Repository of the thesis Binarization of Knowledge Graph Embeddings with Semantic Preservation, submitted by Vitor Faria de Souza to the Data and Web Science Group as the final requirement for obtaining the Master degree in Data Science at the University of Mannheim. This thesis was supervised by prof. Heiko Paulheim between August 2023 and January 2024.
Knowledge graphs (KGs) have emerged as powerful tools for representing real-world information from various domains in a format that is both human-readable and machine-readable. A knowledge graph is a directed graph consisting of nodes representing entities and edges representing relationships between these entities. This graph-based representation allows the integration of various data sources and facilitates the exploration of connections and patterns within the data. Knowledge graphs find applications in diverse domains such as semantic search, recommendation systems, question answering, and data integration. As symbolic representations of knowledge, their applicability can be expanded when they are converted to numerical representations, and this is where knowledge graph embeddings (KGEs) play a crucial role.

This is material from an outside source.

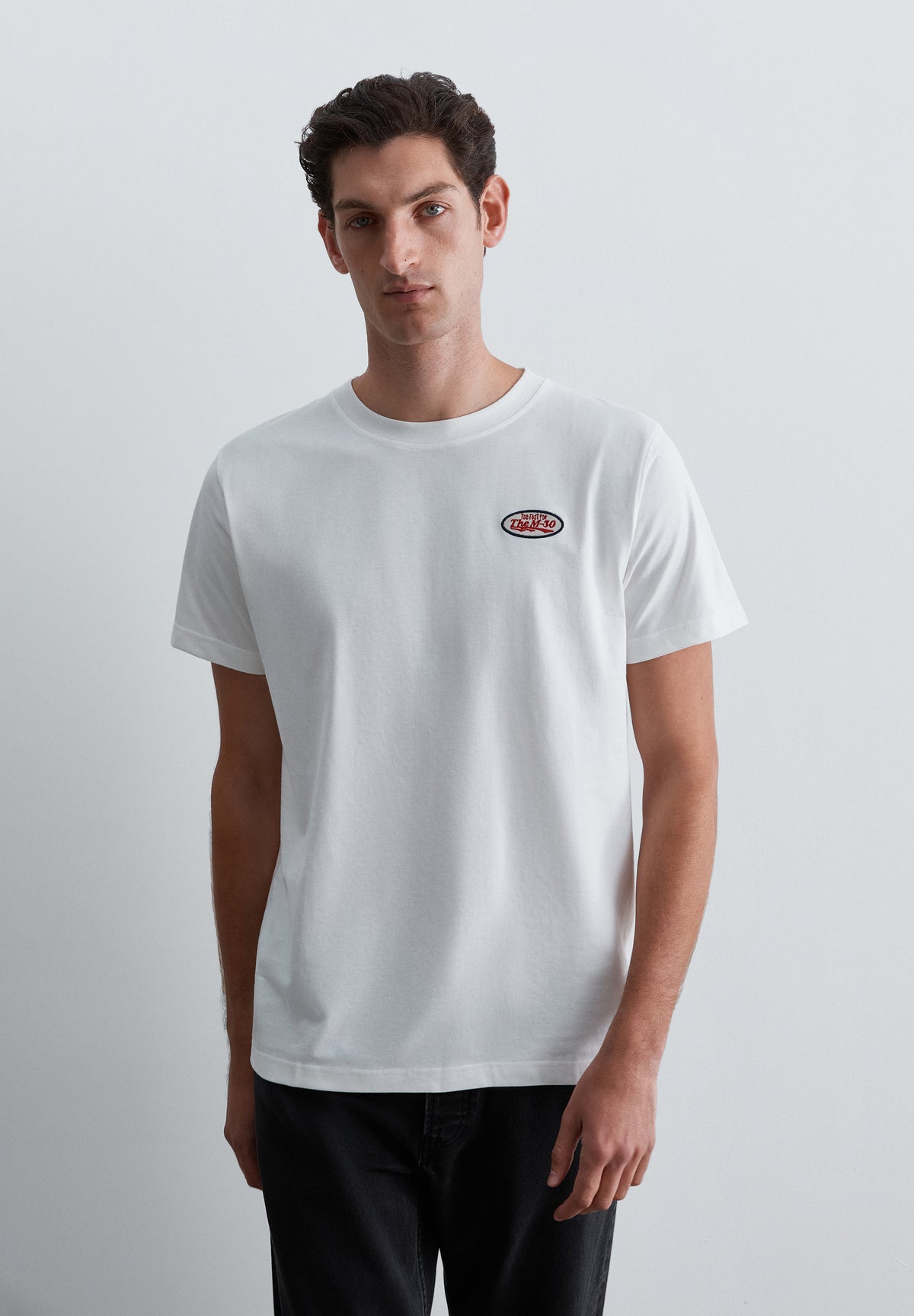 CAMISETA PRINT DETALLE PARCHE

These dense and low-dimensional vector representations enable computational models to calculate distances and similarities and to make predictions based on underlying patterns in the KG's triples, facilitating the application of machine learning algorithms for tasks such as entity classification, entity clustering, and link prediction.
However, one of the significant drawbacks of traditional KGEs is their ever-growing size with the increasing scale of knowledge graphs. As knowledge graphs expand to incorporate more entities and relationships, the size of KGEs increases proportionally, leading to challenges in storage, computation, and scalability. This growth poses significant challenges in terms of storage and computational efficiency when working with traditional KGEs. As knowledge graphs continue to expand, the need for more compact and scalable representations of KGEs becomes imperative. Binarization techniques offer a promising approach to address these challenges by compressing embeddings into binary vectors while preserving their semantic information, as already achieved in previous work for word embeddings. By reducing the storage footprint and computational complexity of KGEs, binarization techniques enable efficient processing and analysis of large-scale knowledge graphs, without losing their applicability.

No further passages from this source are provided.